At first, you think things won’t work. Faye is the cool one under control while Ronnie is outrageous enough to flash her breasts to any car full of guys passing by. Once in Invermere, they try to make themselves comfortable in the cabin. However it seems Ronnie is making herself all too comfortable with every guy she meets up with. Especially this creepy guy names Dale who rubs Faye the wrong way. As Ronnie is getting closer to a guy names Shamus and his freewheeling friends from the bowling alley, Faye meets a guy of her own. His name is Granville. Granville may come across as geeky at first because of his asthma and diabetes, but the two connect as Faye is charmed by his artistic dreaminess.
Things prove too much for Faye as Ronnie’s craziness is cramping her style and her life. Faye tries to have a good time, but can’t deny that she has things to take care of in her life, like a potential job in Vancouver. One day, Ronnie and her friends come after a day of fun and give Faye some lemonade. It’s after Faye drinks it that she finds out it’s laced with MDMA, and just 1/2 an hour before her job interview on Skype! Faye humiliates herself during the interview.
Even though Faye is given a second interview days from now, Faye appears to be the one falling apart now. It’s not just about the interview and dealing with Ronnie. It’s because Faye is having trouble dealing with Garrett’s death. She can’t handle that she didn’t answer the call from Garrett’s phone just hours before he died. She came to Invermere with Garrett’s ashes and two envelopes from Garrett: one for her and one for Ronnie. She open’s Ronnie’s envelope instead. Even hearing info about Garrett from a woman names Alex who works at the town ice cream parlor makes things all that more frustrating for Faye.

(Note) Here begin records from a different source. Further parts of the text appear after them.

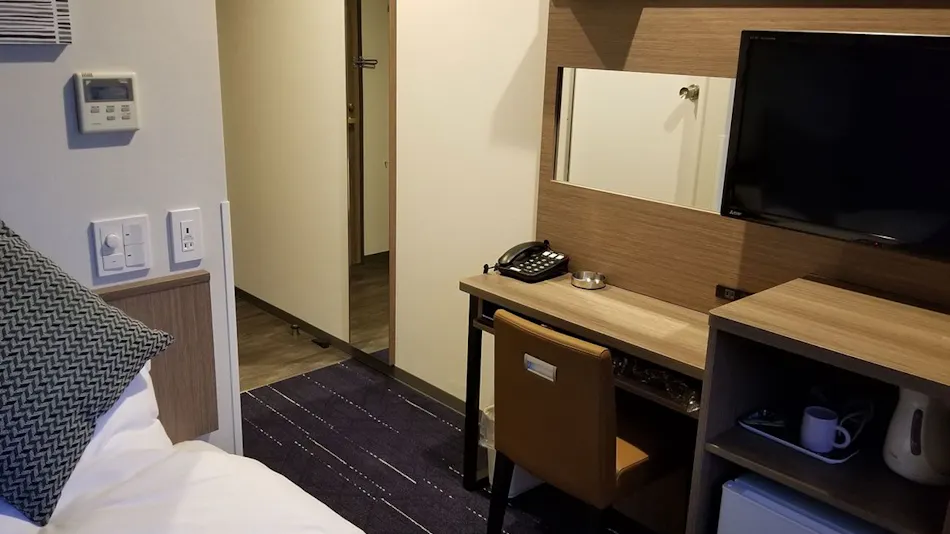 Hotel Sun Royal Utsunomiya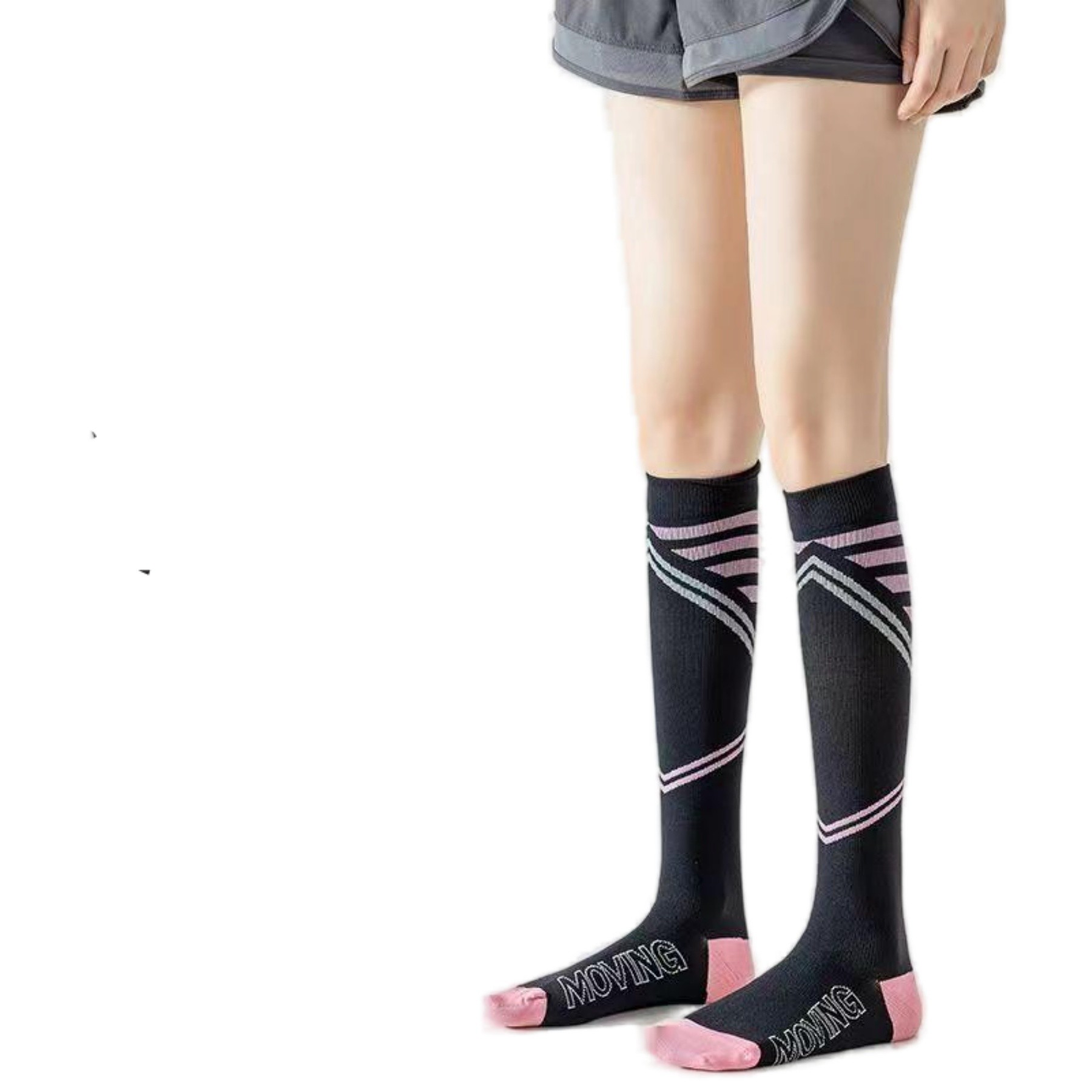 Workout running sock 2
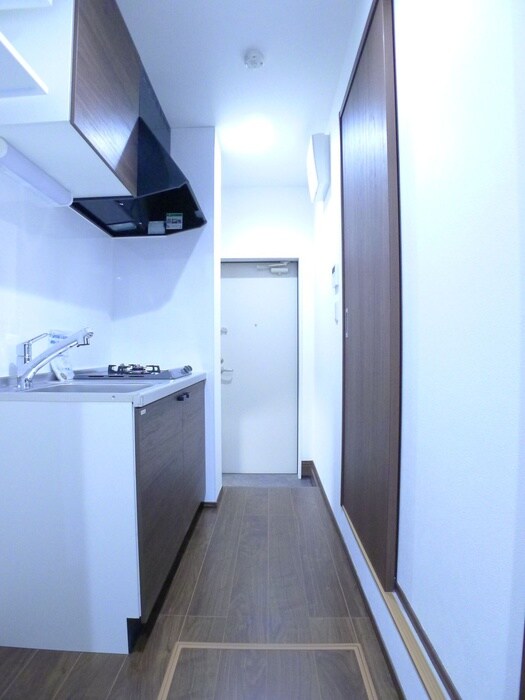 ＨＳ北松戸の物件内観写真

Then the two decide to hold a party at the cabin. All of their Invermere friends are invited and they all show up, including shady Dale and his mud-filled inflatable pool for mud wrestling. Ronnie’s in a partying mood but Faye is having issues. It’s still all about Garrett. Spending time with Granville doesn’t make things easier and talking with Alex makes things worse. Then Ronnie films out what Faye did with her letter. She confronts Faye with harsh words about the phone call from Garrett’s phone. This leads to a fist fight where they both end up in the pool of mud. But after that, the two suddenly make peace and resolve all that happened. Even the opened letter. It turns out Garrett was a controlling person in his life and tried to control both of them. Faye and Ronnie pack up with Ronnie being in great spirits and not looking as troubled as she was at the beginning. They promise to get together again soon.
At first, I found this comedy entertaining. Then I did a bit of thinking. This is a kind of comedy that I can see the script working in Hollywood. Have you seen a lot of the Hollywood comedies in theatres now? They’re pretty dreadful, eh? They’re relying too much on jokes with shock value and even lewd or crude one-liners to get a laugh. They make you think they’re that desperate for laughs. This comedy doesn’t need to rely on one-liners or crude jokes. All it has to rely on are the characters and the scenarios to make this work. That’s what made this comedy work. We have a bizarre situation of two friends who are two opposites going away to a resort town to help one recover from her brother’s death. The other friend has unresolved issues over his death too. The mix of the two causes havoc, but it all ends when they get into a fight where they accidentally end up in the mud wrestling pool. Then the friendship is rekindled and they’re both able to make peace with his death. To think Hollywood couldn’t think this up, but Canadians did!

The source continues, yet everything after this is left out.